Depending on the nature of the seller's assets and the buyer's financial resources, financing can be a very significant element to a transaction. For example, if the target's existing financing arrangements are to be assumed by the purchaser, the purchaser may need to negotiate with the target's financing parties.

4 Structure

Most deals can be implemented in more than one way, but there may be many reasons, often but not always tax-related, why a particular structure is better than another. Both the buyer and the seller will have views in this regard. For friendly acquisitions involving public companies, the statutory plan of arrangement has become the method of choice to implement a deal because of its flexibility in allowing a transaction to encompass many steps designed to achieve various objectives.

5 Timetable

An M&A transaction has a number of recognizable stages. Certain stages may have more or less prominence because of the way a particular deal develops, the relationship of the parties, the financial position of the seller or any number of external factors.

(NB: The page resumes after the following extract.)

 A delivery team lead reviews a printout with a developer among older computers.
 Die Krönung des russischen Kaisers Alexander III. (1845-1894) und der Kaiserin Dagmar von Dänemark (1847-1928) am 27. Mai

From a seller's perspective, the key stages might include:

  • Retaining advisors and consultants: Legal, financial, environmental, engineering/structural and/or valuation experts may be required.
  • Offering the target for sale: This could include steps such as drafting and circulating a confidential information memorandum, soliciting bids, creating a data room to allow prospective purchasers to carry out due diligence, exploratory approaches to prospective purchasers, and/or pre-transaction structuring to sever certain assets or implement tax planning.
  • Negotiating the deal: This often occurs in one or more stages, as certain basic terms might be fixed at the time of accepting a particular bid, then fleshed out in a letter of intent or term sheet, and then finally agreed upon in great detail in a definitive purchase agreement.
  • Announcement: A critical point in time for any deal is when it is announced. The parties learn what the market thinks of their deal and receive preliminary indications as to whether their shareholders are likely to approve. Employee expectations, too, must be managed.
  • Shareholder approval: The requisite target shareholder approval (and sometimes other security holder approvals) must be obtained either by way of the purchaser making a take-over bid which shareholders may accept or reject, or the target holding a shareholder meeting at which shareholders vote upon the transaction. Sometimes significant shareholders are "locked up" in advance through a commitment to tender to a bid or vote in favour of a transaction. Depending on applicable stock exchange rules, if the purchaser is issuing shares as part of the purchase consideration, the purchaser may also need its shareholders to approve the deal. In all cases, a disclosure document, either a proxy circular for a shareholder meeting, or a take-over bid circular and directors' circular, must be prepared and sent to the relevant shareholders.
  • Regulatory approvals: Regulatory approval applications are usually commenced following the announcement while the applicable shareholder approval process is underway although the regulatory approvals themselves may take much longer. Sometimes tax rulings are necessary and they, too, have a long time horizon.
  • Third party consents/financing: Also at the same time, third party consents and financing arrangements, if necessary, are secured.
  • Closing: Once everything is in place, the transaction closes and the purchase price can be paid.

As noted at the outset, M&A transactions can be complex and the timeline for a transaction is typically measured in months. A time frame of a year or more is not atypical from the time a seller begins to undertake a sale process until the time it is complete.

Conclusion

The above only scratches the surface of the M&A process. In coming issues, we will explore specific deal points in more depth.